Antumbra ATOM

Until recently, I thought I wasn’t into most of the Mutable Instruments stuff. Everyone seems to have it but I’d sort of dismissed it all initially because I wrongly thought I was an analogue purist. How naive of me, in retrospect. Anyway, I’ve been looking into it all a bit more and realised that actually, a lot of it is really fucking good. And it’s all open source, which is obviously awesome.

So, David Szebenyi of Antumbra has created a miniaturised clone of the Mutable Elements module and he had some spare prototype boards and panels that he offered to the first 3 commenters in one of the Facebook synth DIY groups and I got lucky. This is a huge SMD build. So far, I’ve done 2 small, simple SMD builds, one of which was a total disaster.

I knew that if I could nail the STM32 microcontroller, the rest should be easier. I watched a bunch of YouTube videos on drag soldering and pretty much nailed it.

I had to program the microcontroller using an ST-Link to connect the module to my computer. After struggling to even connect the module using a cheap ST-Link clone, I tried with a genuine programmer which worked first time.
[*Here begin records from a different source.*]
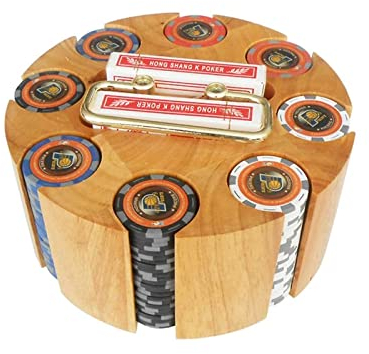 N/A Poker-Chip-Set, Holzkarussell-Etui, 11.5 Gramm Chips für Spielkarten Blackjack Glücksspiel Zubehör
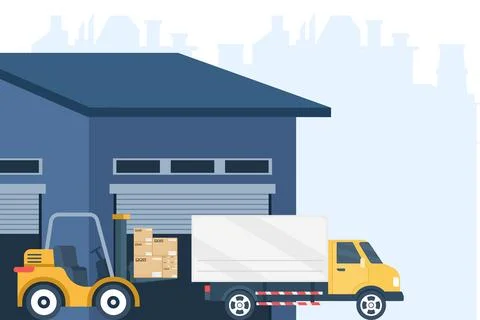 Logistics warehouse with forklift and semi-truck vehicles Stock Illustration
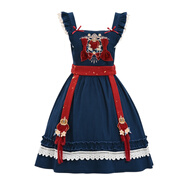 森女部落森女部落國風(fēng)復古刺繡新年連衣裙女新款寬松撞色設計感背帶裙冬季 連衣裙 S 模特碼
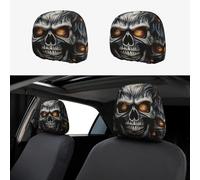 BSCKKDMN 2 PCS Car Seat Headrest Covers,Elastic Breathable Head Rest Cover Washable Dirt-Proof Car Head Rest Protector Universal Fit Truck SUV Auto Cool Evil Skull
I used precompiled hex files and flashed the chip using ST-Link Utility.

ATOM (Elements) is a physical modelling modal synthesis voice. It uses an exciter section and a resonator section to model real world (and other worldly) bowed, blown and struck instruments, though that description very much plays down the sonic possibilities. This is a fantastic module and I’ve been using it in every patch.